* _EXERCISE DIRECTIONS_
Once the line with "vidaXL Set de" is found, write it out along with each later line exactly, through the end of the entries, skipping every picture.

[[ RECORDS open ]]

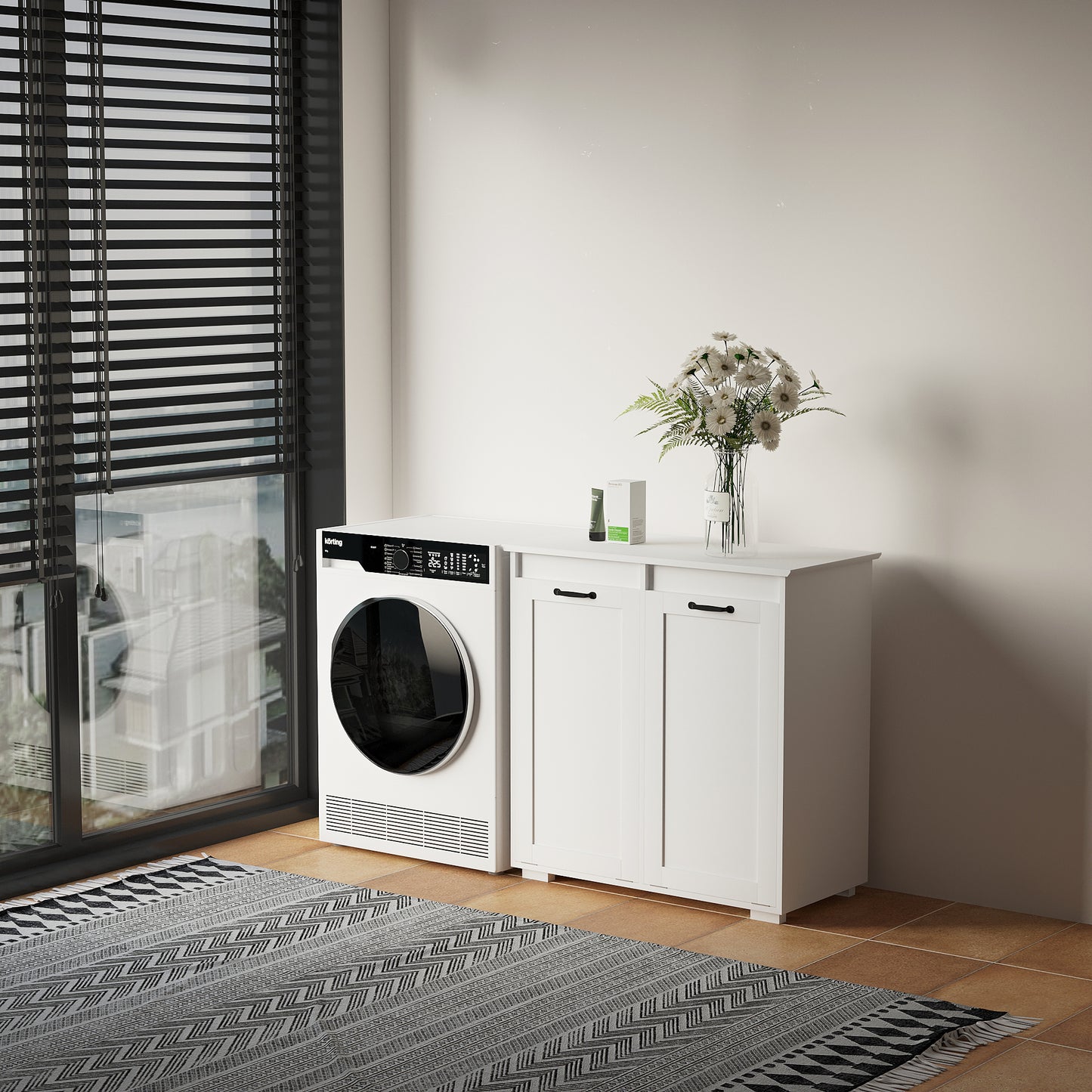 Laundry Cabinet with 2 Removable Liner Bags - White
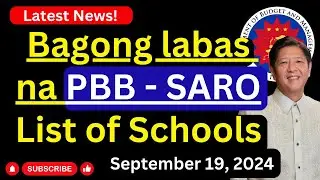 PBB SARO Latest Updates List of Schools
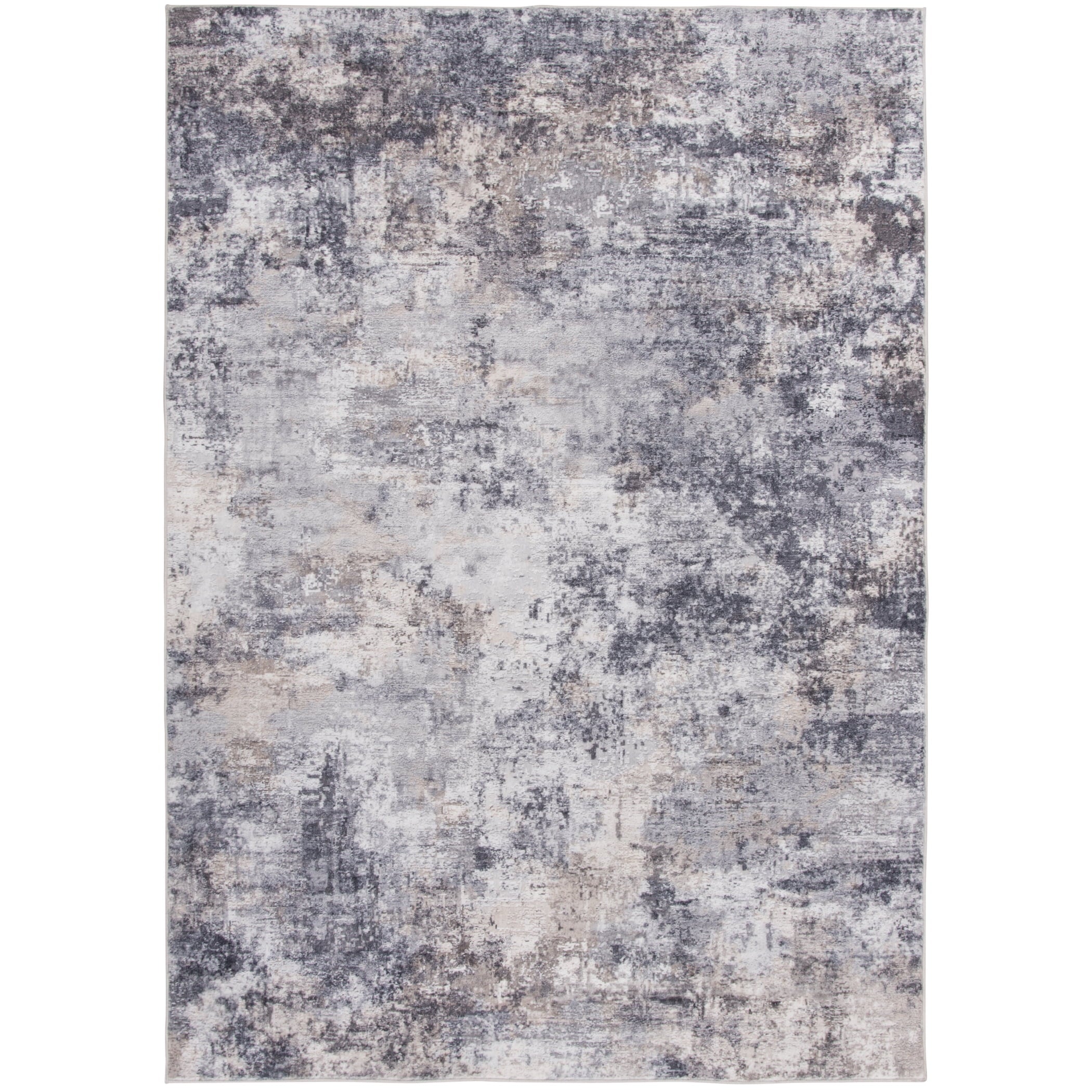  5' x7' Grey Beige Abstract Machine Washable Faux Fur Indoor Area Rug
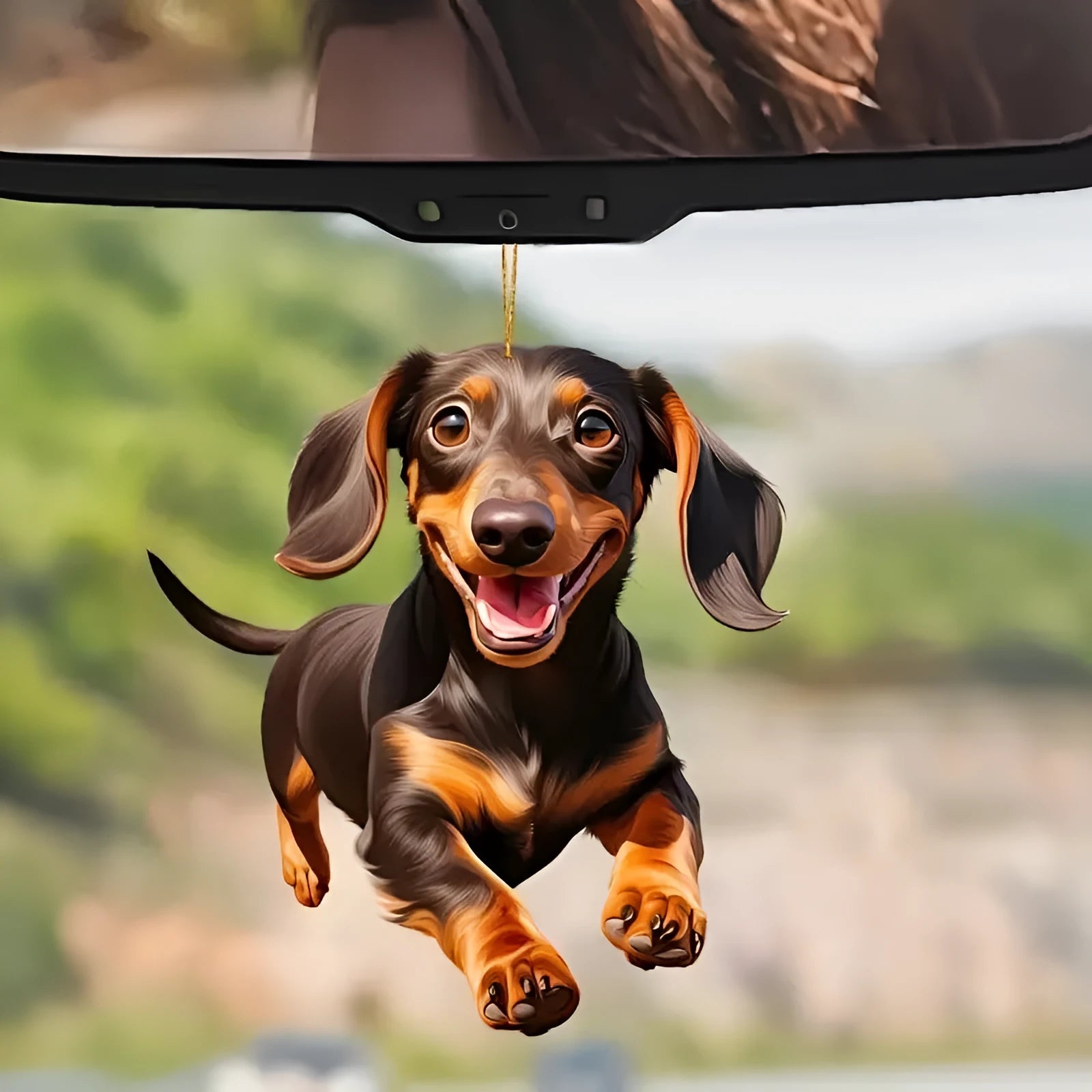 Flat acrylic car hanging ornament with cartoon dog design on white background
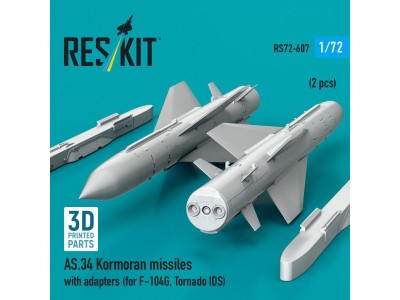 AS.34 Kormoran missiles with adapters (2 pcs) (for F-104G, Tornado IDS) (3D Printed) 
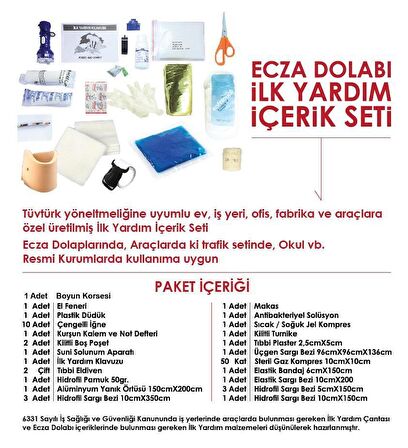 Primanova Panjurlu Ecza Ve Banyo Dolabı + İlk Yardım İçerik Seti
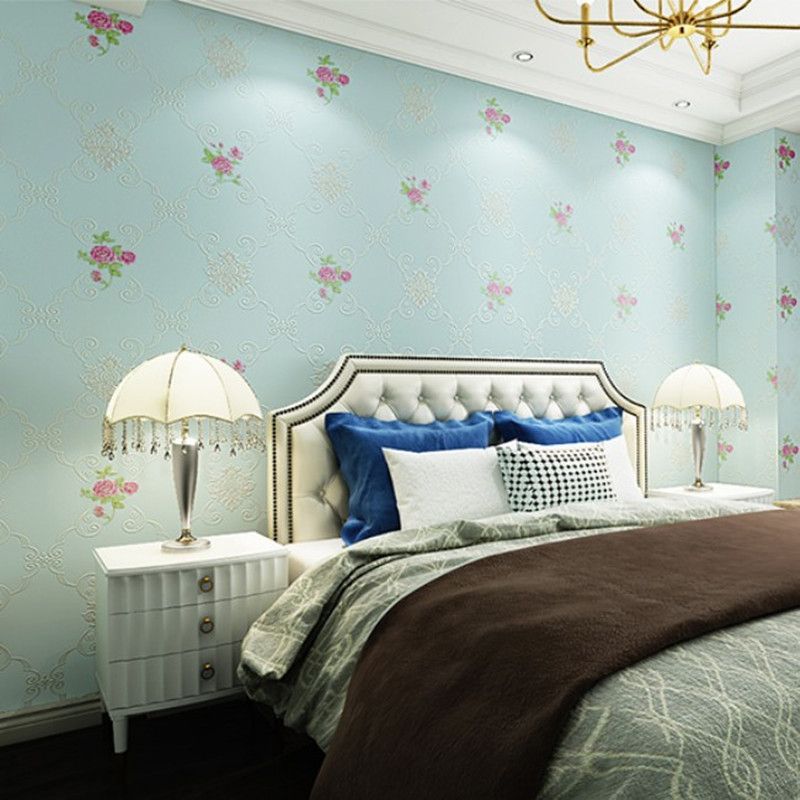 American Countryside Wallpaper Non-Pasted 20.5"W x 33'L 3D Floral Print for Bedroom and Dining Room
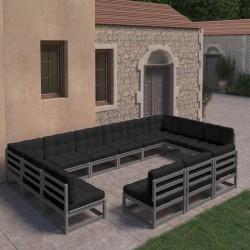 vidaXL Set de muebles de jardín 13 pzas con cojines madera pino gris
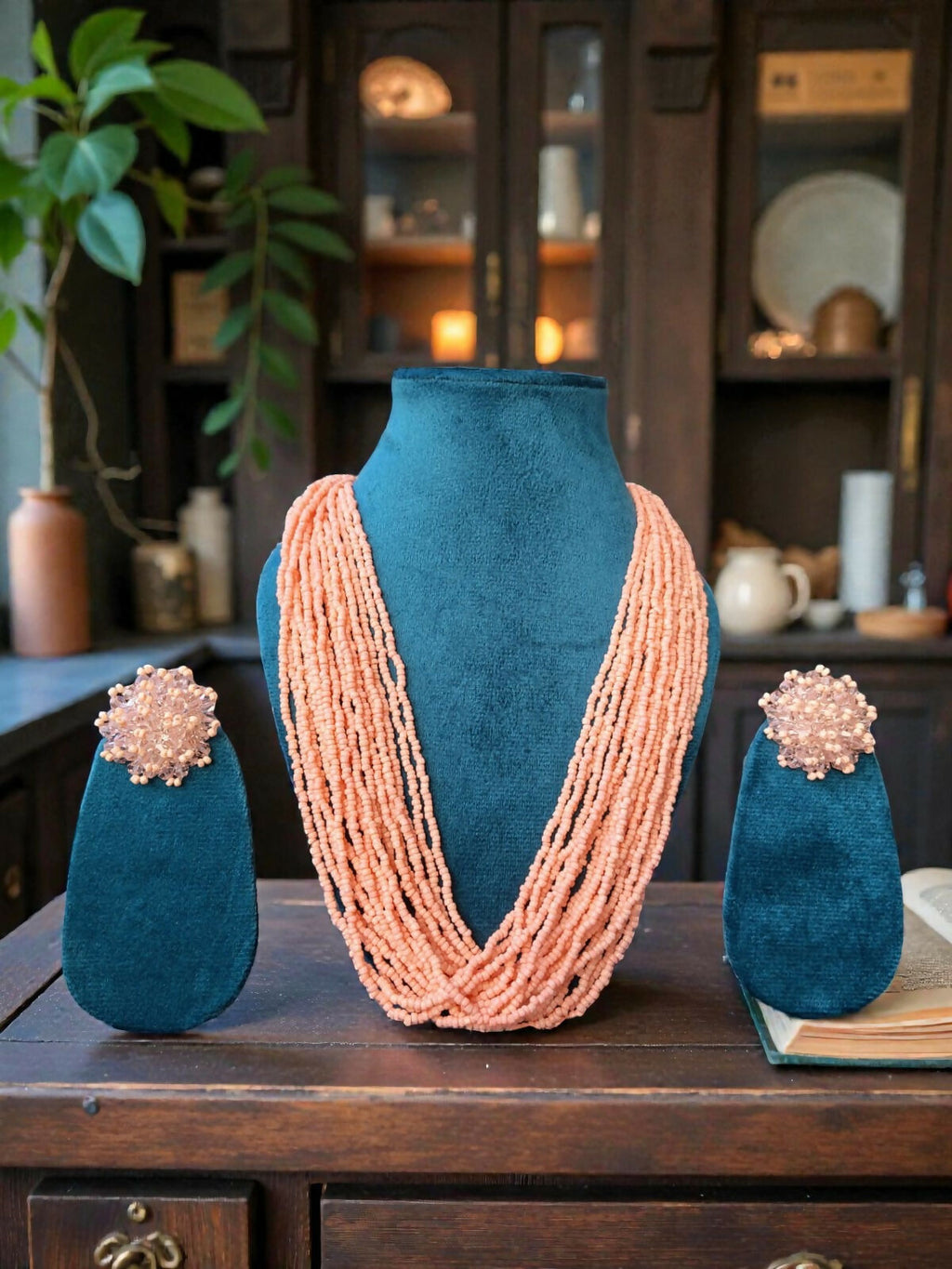 Inhanns Vibrant Handmade 20 Layers Beaded Necklace With Matching Earrings - Light Peach | Grocsy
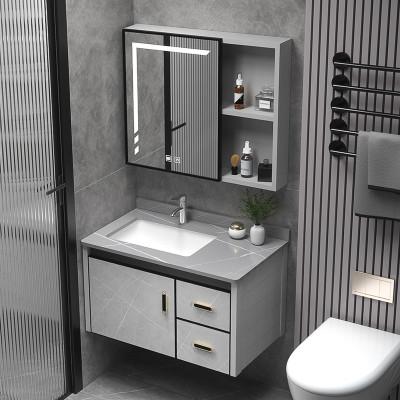 China Combination Toilet Insectproof Mirror Wash Basin Cabinet Ceramic Rock Plate Integrated for sale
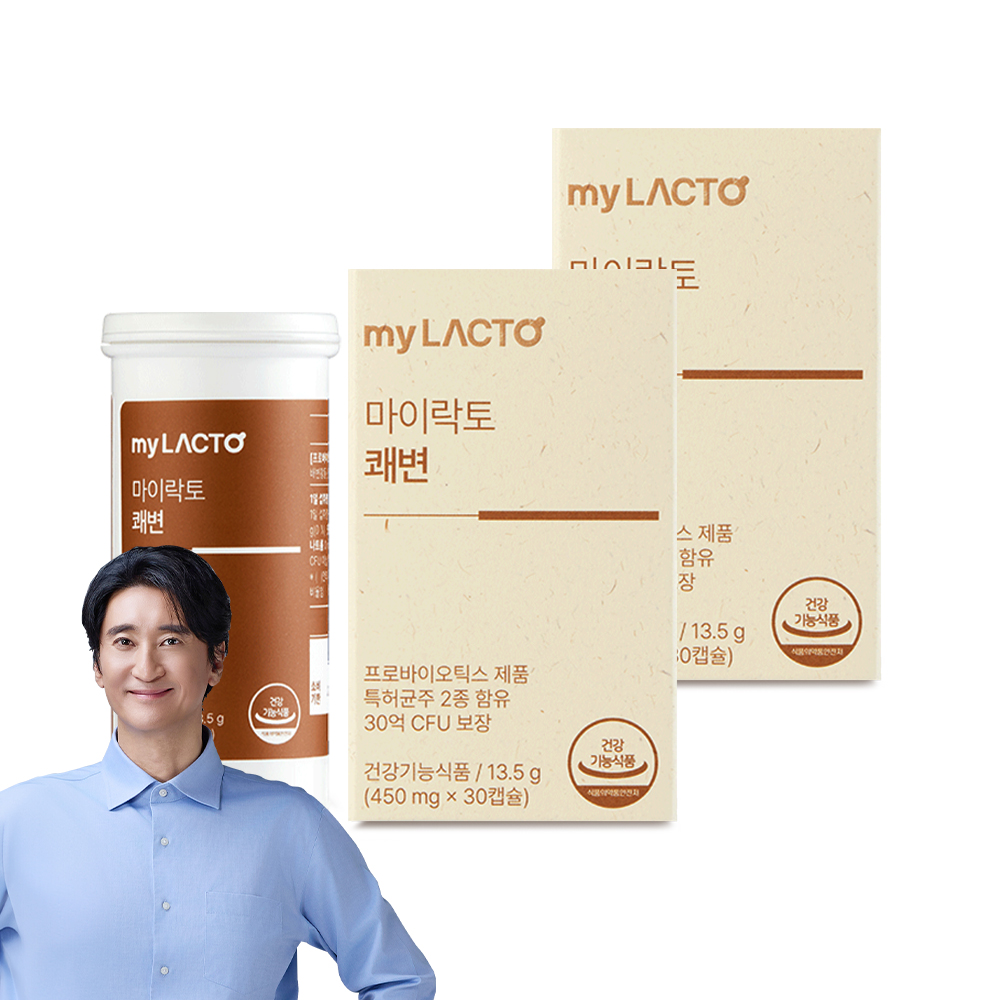 마이락토 쾌변 변비 유산균 소장 대장 장건강 프로바이오틱스 임산부 배변 30캡슐, 2개 - 메인 이미지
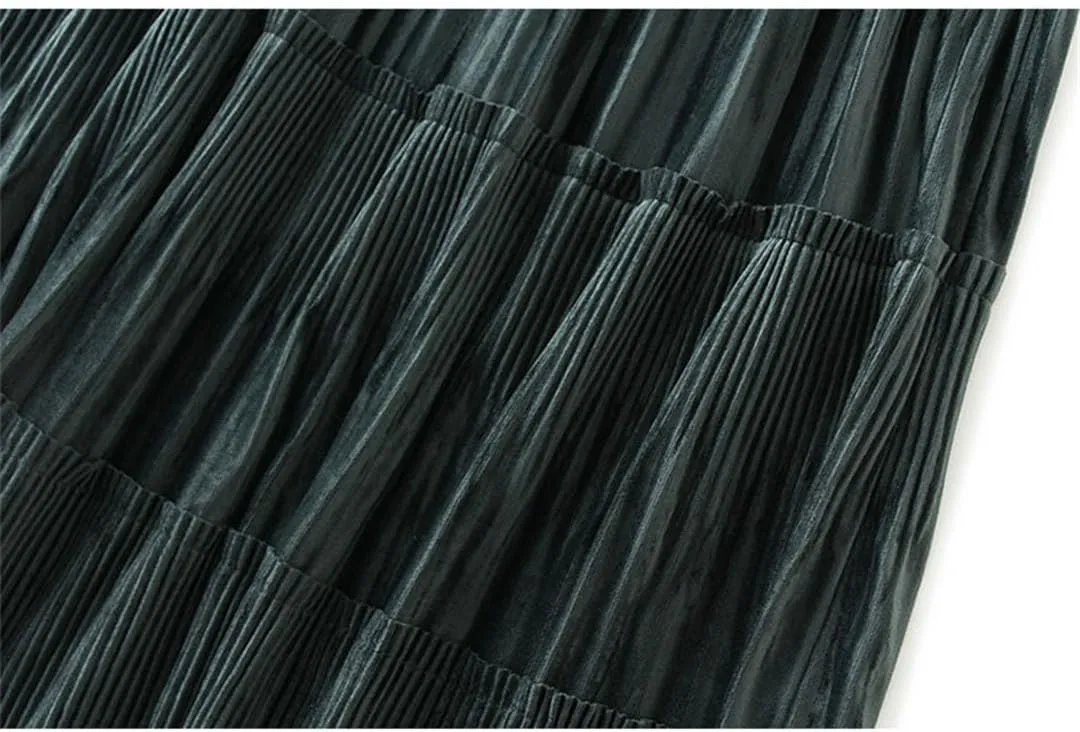 Fleece Pleated Long Skirt for Women Autumn Winter Vintage Casual Solid All-Match A Line High Waist Midi Skirt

[[ RECORDS closed ]]

* _RESPONSE AREA_
 vidaXL Set de muebles de jardín 13 pzas con cojines madera pino gris
 Inhanns Vibrant Handmade 20 Layers Beaded Necklace With Matching Earrings - Light Peach | Grocsy
 China Combination Toilet Insectproof Mirror Wash Basin Cabinet Ceramic Rock Plate Integrated for sale
 마이락토 쾌변 변비 유산균 소장 대장 장건강 프로바이오틱스 임산부 배변 30캡슐, 2개 - 메인 이미지
 Fleece Pleated Long Skirt for Women Autumn Winter Vintage Casual Solid All-Match A Line High Waist Midi Skirt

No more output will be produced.